As a surfer photographer, you’re trying to capture a moment in movement. One of the coolest things about taking a camera into the ocean, is the nature of water itself. Your usual experience of the world happens visually at around 1/20th of a second. If your eye were a camera, that would be your fastest shutter speed. But when you freeze water - like the lip of a barreling wave - at perhaps 1/1000th of a second, stop it dead still, you can scrutinize all the facets, contours and texture, and twists of the light, the physics, the surfer, the board’s rails releasing spray- for as long as your heart desires. Capture is an accurate word for it.
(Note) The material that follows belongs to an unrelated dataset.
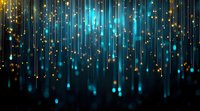 Magical glowing blue and gold light streaks falling from above against dark background, creating ethereal atmosphere for festive designs and holiday backgrounds.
Surfing that same wave, you would never perceive all of that that is happening. So, a great shot, a great still frame, is like getting to peak behind the curtain at nature.

Sometimes, when something really special was going to happen, you could sort of sense it beforehand. I mean you are swimming one-handed, with a ten-pound brick in the other hand, constantly trying to predict what the next wave will do, where the surfer will be, and where you will need to be to get the shot – BEFORE it happens. So, you become what the Hawaiians call, maka ala, a very heightened awareness of your environment and many subtle, almost invisible details. You’re not intellectually processing those details, you’re fine-tuning your observations, your instinct, all your senses. Sometimes, you’ll move, and you’re not even sure why, and then you’ll see a massive set approaching. Being in the ocean, all your life, you learn to instantly recognize patterns, something all humans can do, if they spend the time, quiet down, and listen.     

Hōkūle‘a sailing the Twelve Apostles toward Cape Town, South Africa.

Hōkūle‘a sailing the Twelve Apostles toward Cape Town, South Africa.

What has the ocean taught me? What hasn’t it taught me? All the real important lessons, certainly. It has taught me how small I am and the need to keep my ego in check. It has taught me the interconnectedness of all things, the fragility of all things, and the impermanence of all things. It has brought me my best friends and taught me about my deepest fears. It has schooled me both gently and ferociously. Some teachers, the greatest ones, shape your entire life.